Nos últimos anos, nos arquivos da Rússia e da Europa de Leste, têm surgido novos documentos que ajudam a compreender a relação de Amílcar Cabral com a URSS, um dos principais patrocinadores do PAIGC (Partido Africano da Independência da Guiné e Cabo Verde) durante as lutas de libertação. Cabral estabeleceu os primeiros contactos com os soviéticos por volta de 1959/1960, quando realizou curtas viagens a Moscovo. Entre os seus primeiros interlocutores contavam-se membros do Comité Soviético de Solidariedade Afro-Asiática (CSSAA), organização que o Governo soviético havia criado pouco tempo antes, com o objetivo de desenvolver contactos com as elites do Terceiro Mundo. Os soviéticos gostaram imediatamente de Cabral.

Conforme referido nos relatórios do CSSAA sobre a visita de Cabral a Moscovo e a Leninegrado em 1961, o líder africano causou uma impressão altamente favorável entre os seus anfitriões, porque não só criticou a política dos EUA em África, mas também se mostrou encantado com a vida na URSS e exprimiu o seu ceticismo quanto ao “socialismo africano”, uma corrente teórica bastante popular entre a primeira geração de líderes africanos pós-independências, mas muito diferente do “socialismo científico” defendido pela URSS.

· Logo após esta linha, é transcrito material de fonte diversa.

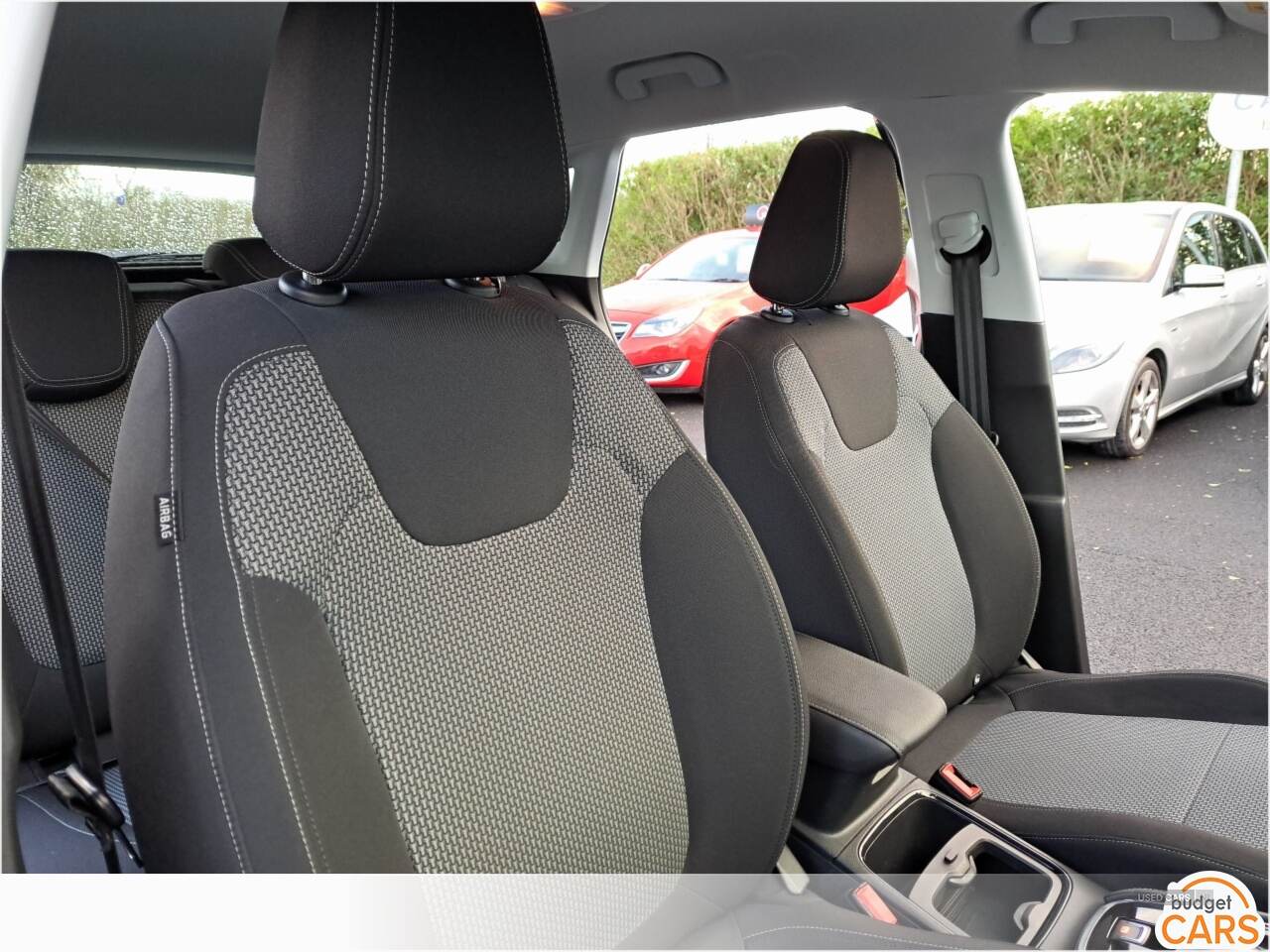 Sep 2018 Vauxhall Grandland X 1.5 Turbo D SE 5dr Auto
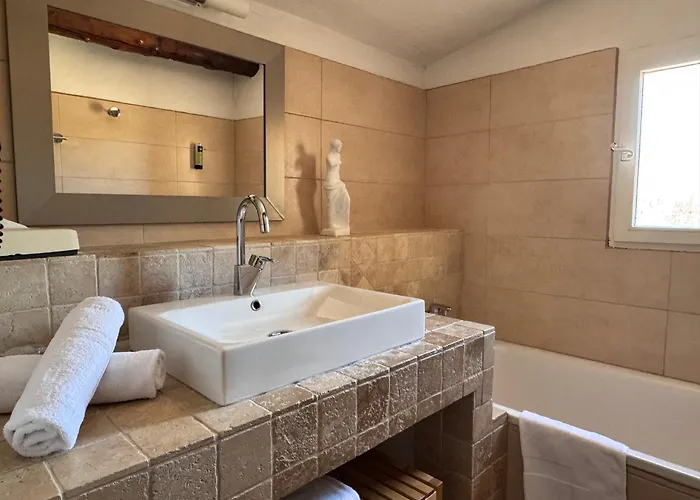 Logis Hotel le Mas De Cure Bourse LʼIsle-sur-la-Sorgue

Além disso, Cabral desenvolveu uma relação pessoal próxima com Petr Evsiukov. Herói veterano da Segunda Guerra Mundial e fluente em português, Evsiukov era o responsável pela política relativa às colónias portuguesas no chamado departamento internacional — um departamento do comité central do Partido Comunista da União Soviética encarregado das relações com os movimentos nacionais de libertação. Quando, em 1962, os dois homens se encontraram pela primeira vez no aeroporto moscovita de Sheremetievo, Cabral fez questão de se apresentar não como “senhor”, mas sim como “camarada”, um epíteto comum entre os marxistas, o que agradou a Evsiukov.

Os soviéticos, é claro, sabiam que Cabral não era comunista. No entanto, acreditavam partilhar com ele alguns traços ideológicos e talvez lhes agradasse, acima de tudo, o encanto pessoal de Cabral e a sua capacidade de discordar sem ofender. Por estas razões, Evsiukov tornar-se-ia um dos principais defensores do PAIGC.

O apoio da Checoslováquia

A ajuda soviética, porém, foi inicialmente muito limitada. Na verdade, o primeiro pacote de assistência ao PAIGC, em 1961, veio da Checoslováquia. Tal como no caso da União Soviética, a proximidade entre Cabral e a Checoslováquia revestia-se de uma dimensão pessoal. Quando, em 1960, se mudou para Conacri (capital da República da Guiné, antiga colónia francesa), com vista a preparar a luta armada na Guiné-Bissau, Cabral desenvolveu uma ampla rede de contactos com representantes dos países socialistas. Um desses contactos foi com Miroslav Adámek, um funcionário checoslovaco dos serviços secretos estrangeiros que trabalhava na embaixada, sob uma fachada diplomática.

Adámek reuniu-se pela primeira vez com Cabral em 1960 e apoiou o seu pedido para visitar Praga. A viagem, ocorrida em 1961, teve enorme sucesso. Os anfitriões de Cabral, incluindo o ministro do Interior, Rudolf Barak, ficaram bem impressionados e prometeram-lhe equacionar o envio de dinheiro e armas para o PAIGC.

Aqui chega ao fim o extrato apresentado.